Over 50,000 people have signed petitions calling for extra days off for Muslim and Hindu celebrations. Despite being the second largest UK religion, Muslims do not get a lawful public holiday on religious occasions such as Eid; nor do Hindus, the third largest religion, have a day off for Diwali.
Apparently this idea is very unlikely to succeed as the Government has no plans to create new public holidays, the cost of which to the economy is significant; some estimate that the day off for the Diamond Jubilee in 2012 cost employers around £1.2 billion. They do, however, encourage employers to respond flexibly and sympathetically to any requests for leave, including those for religious holidays.
As Christians, we are grateful for the Christian legacy in our country which has influenced the timing of some of our public holidays and we would not wish for these to be abolished. But we also recognise and respect the fact that other religions have their own festival days and as Christian employers or colleagues we would want to be sensitive to the cultural and family needs of people in our workplaces.

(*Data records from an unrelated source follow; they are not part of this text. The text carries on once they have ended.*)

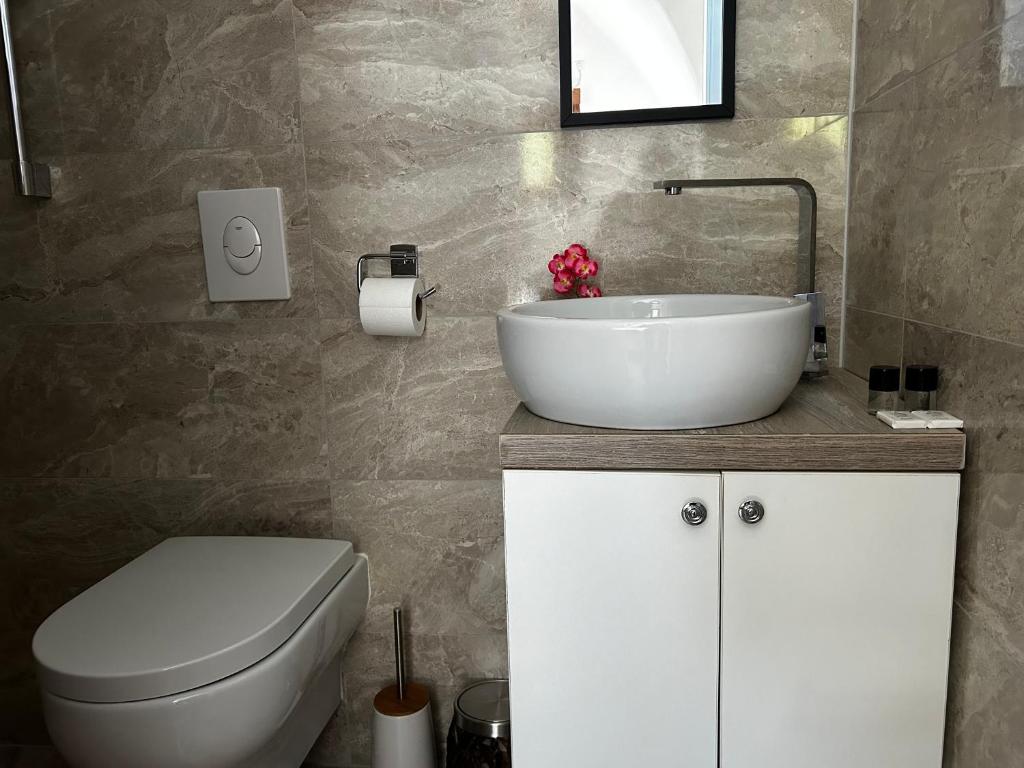 Ένα μπάνιο στο Glamping PEC - HALFBOARD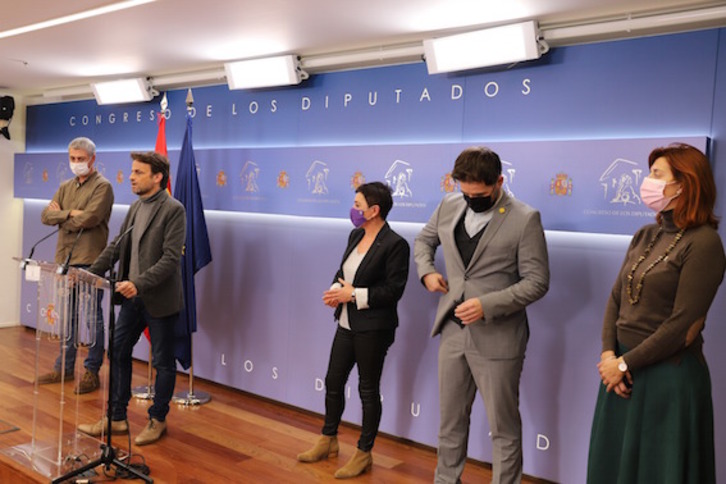 Rueda de prensa en el Congreso de representantes de las tres fuerzas de izquierda.
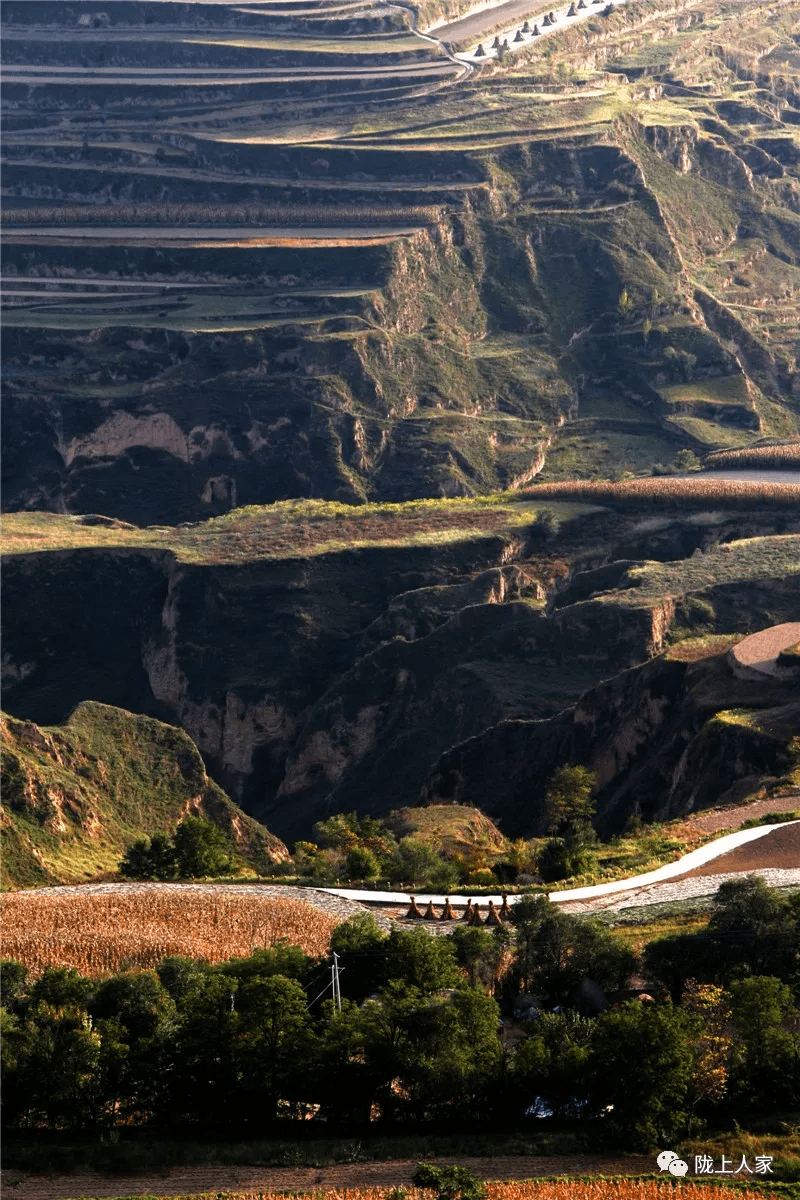 风光摄影组图大西北的甘肃沟沟岔岔崖崖埂埂坡坡屲屲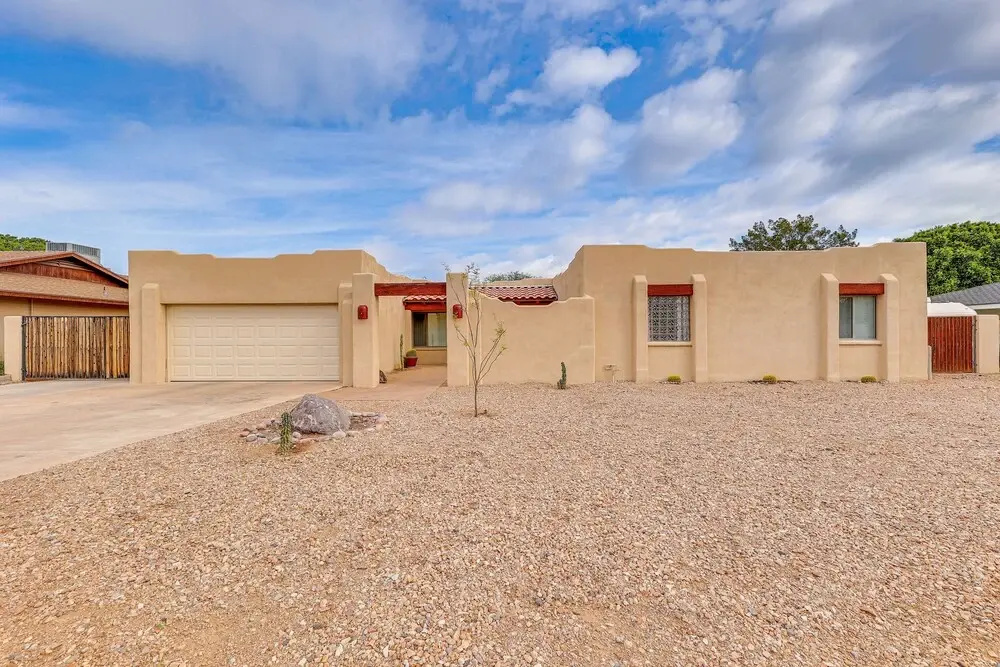 Private Pool & Patio: Home Near Mesa Arts Center!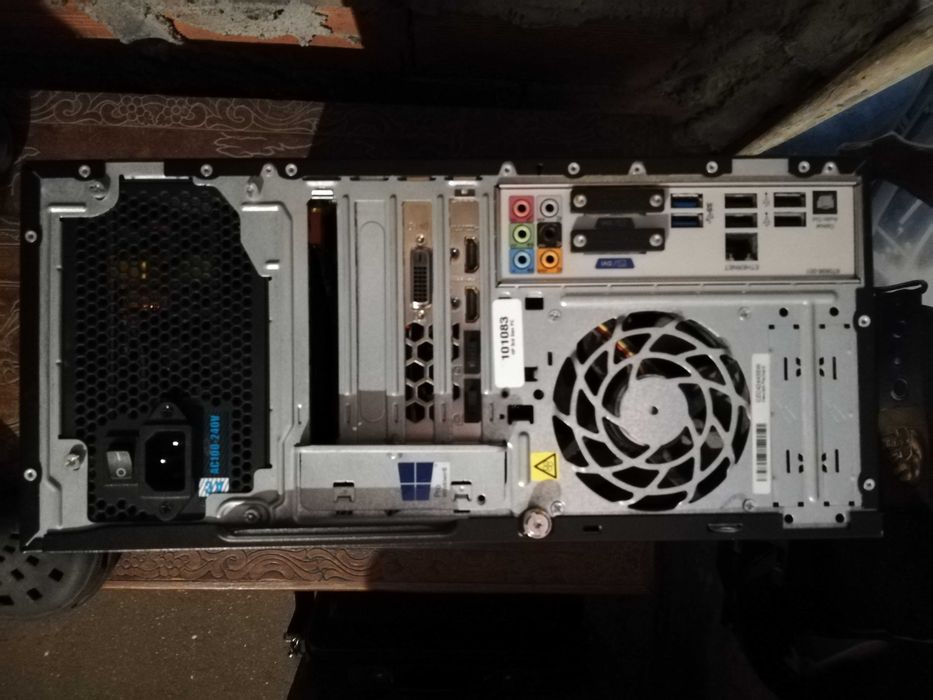 vendo torre computador em bom estado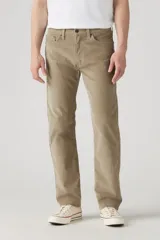 Pantalón de corduroy de corte regular fit y tiro medio, en color beige.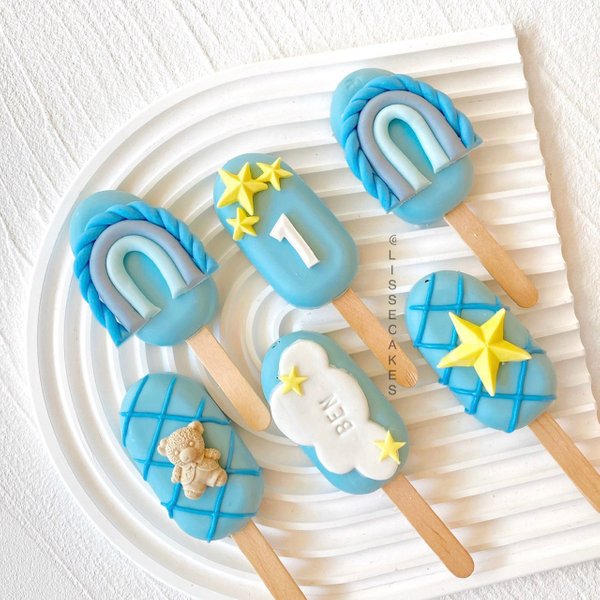Beary Rainbow Cakesicles in Blue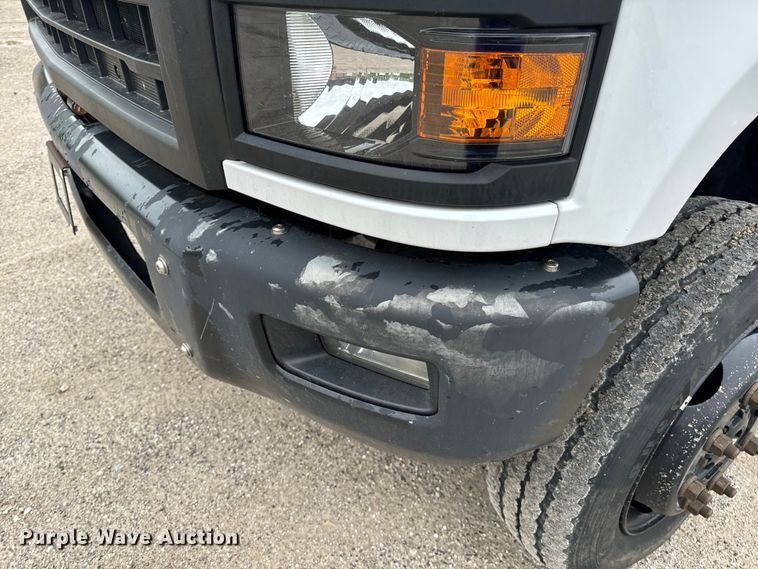 image for item EH6756 2019 Chevrolet Silverado 6500HD flatbed truck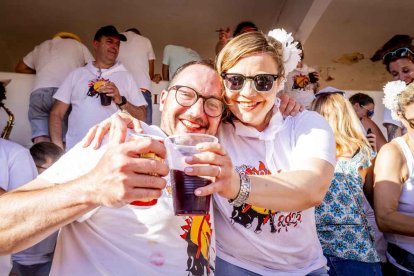 La fiesta duró en la Plaza de Toros y alrededores hasta bien entrada la tarde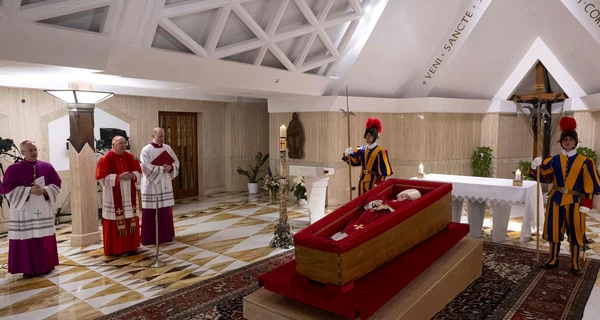 Ватикан показал первые посмертные фото Папы Римского и назвал дату похорон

The fact that this debate is happening is another sign that our Christian heritage is increasingly seen as on a par with that of other religions; the substance of the recent debate was much more about economics and practicalities than whether retaining holidays relating to Christian festivals is a statement of the kind of country we want to be.
So while we are glad that our national calendar reflects our Christian heritage, we must be realistic that we are not a predominantly Christian country; over time the understanding of, and participation in, any of these festivals is diminishing and these holidays are mainly seen as an opportunity for leisure and family.